Rare wildflowers, prairie grass, tumbleweeds, sagebrush and ornamental wrought iron fences dot the 200-year-old pioneer cemeteries of Custer County, Colorado: Ula (est. 1872), Rosita (est. 1870), Silver Cliff (est. 1878), Hope Lutheran (est. 1872), The Assumption (est. 1881), and numerous private family cemeteries.
Perhaps the most well-known cemetery in the county is Silver Cliff—famous for the “dancing blue lights” discovered by 19th-century miners. A National Geographic magazine reporter wrote about the lights in August 1969 and people began traveling to Silver Cliff to see the lights—few did, however. Scientific and speculative discussions ensued as to the origin of the lights but nothing was conclusive.
Residents of the Silver Cliff cemetery and its nearby neighbor, The Assumption, repose under the jagged peaks of the Sangre de Cristo Mountains with graves dating to the early 1800s. Many grave markings have decayed or are illegible. Others are crudely inscribed with a name or a date: Baby 1829 or simply, Daughter.
Once the county seat, the town of Ula has long since disappeared.
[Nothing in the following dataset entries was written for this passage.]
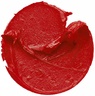 Les Filles en Rouje Le Rouge Jeanne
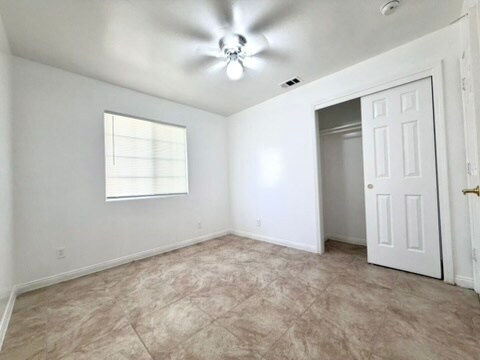 Building Photo - 7733 Walpole Ave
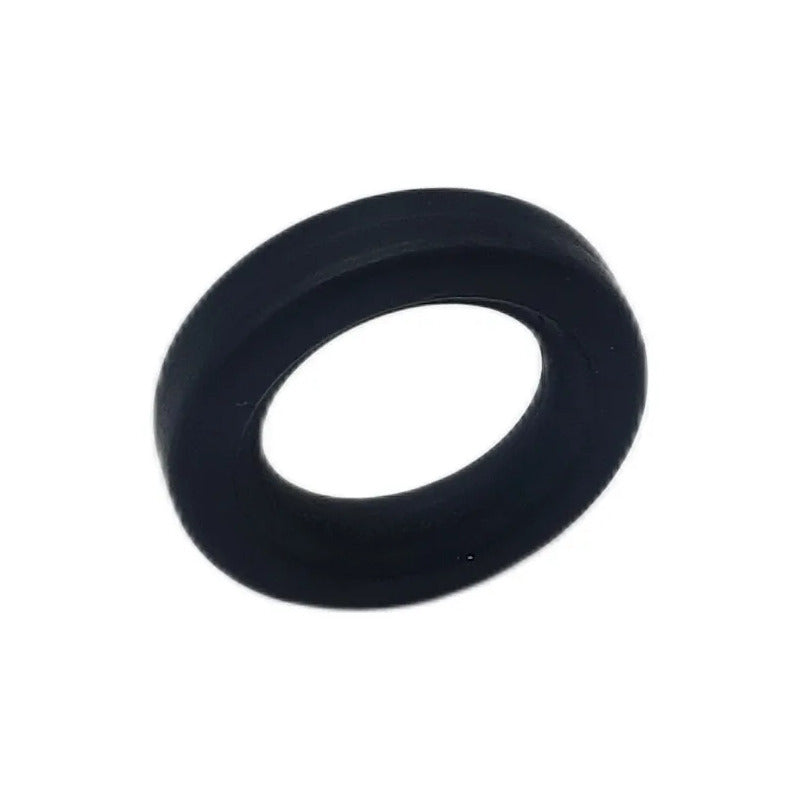 O Ring 580990-00 P/d25123k D25101k D25103k D25111k D25201k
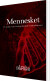 Mennesket - Bog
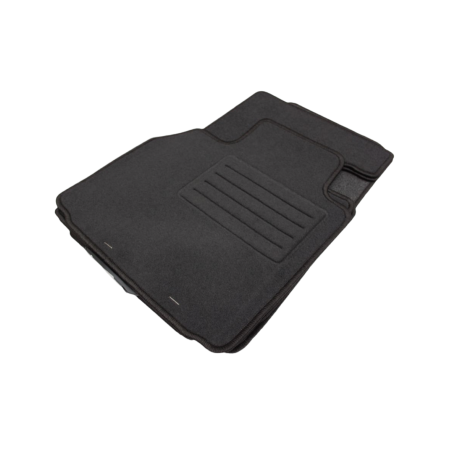 Мокетни стелки за RENAULT Scenic III / Grand Scenic III (2009-2016)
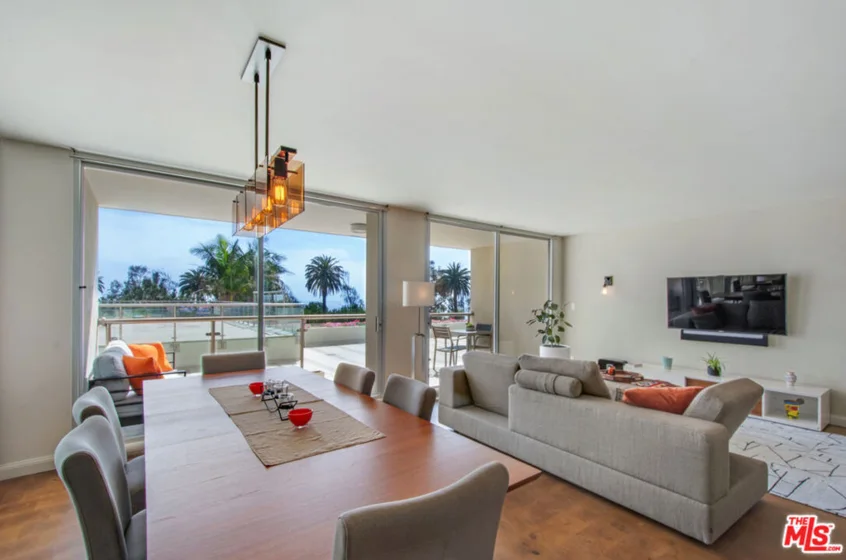 201 Ocean Avenue #301P photo 1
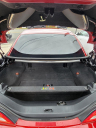 Thumbnail image of 2015 INFINITI Q60 Convertible at Dublin Auto Sales LLC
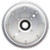 Husqvarna Genuine OEM Idler Pulley # 589766102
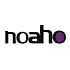 Noaho Immobilier 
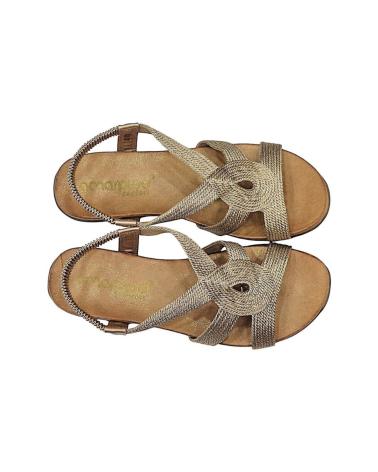 Sandalias-De-Mujer-AMARPIES-SANDALIA-TRENZADA-ESTILO-CONFORT-PARA-MUJER-ABZ286-BRONCE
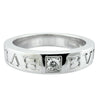 Bulgari ring
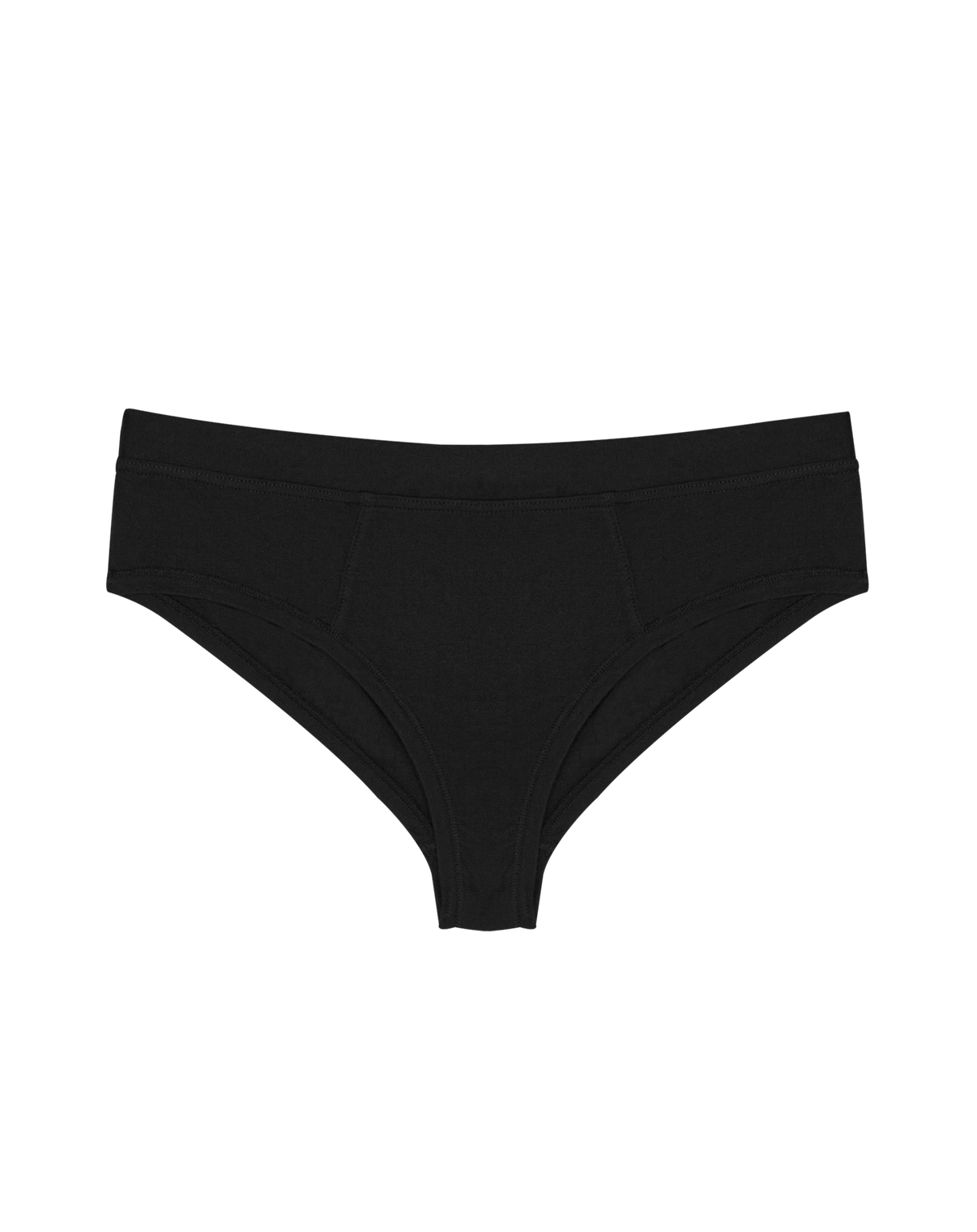 Huha Mineral Undies - Cheeky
Land was donated by the Kettle family for a graveyard in the 1870s and one of the oldest gravestones is of Azor Palmer, who was born April 16, 1826 and died November 17, 1874.
Hope Lutheran Cemetery lies in the shadow of the mountains with all headstone epitaphs in German with delicate scrollwork and engravings. It’s as though this cemetery was placed so visitors could sit with their loved ones and admire the magnificent mountain views.
Rosita residents endured cholera, flu, and other epidemics in the early 1900s and the cemetery has numerous graves for children and potters. Potters’ graves are typically marked by a wordless white wooden cross or a stone simply inscribed “unknown.” The cemetery is one of the few in the county nestled amongst a dense and hilly pine and pinon tree covered forest. The soft, spongy woodland floor speaks to decades of few visitors.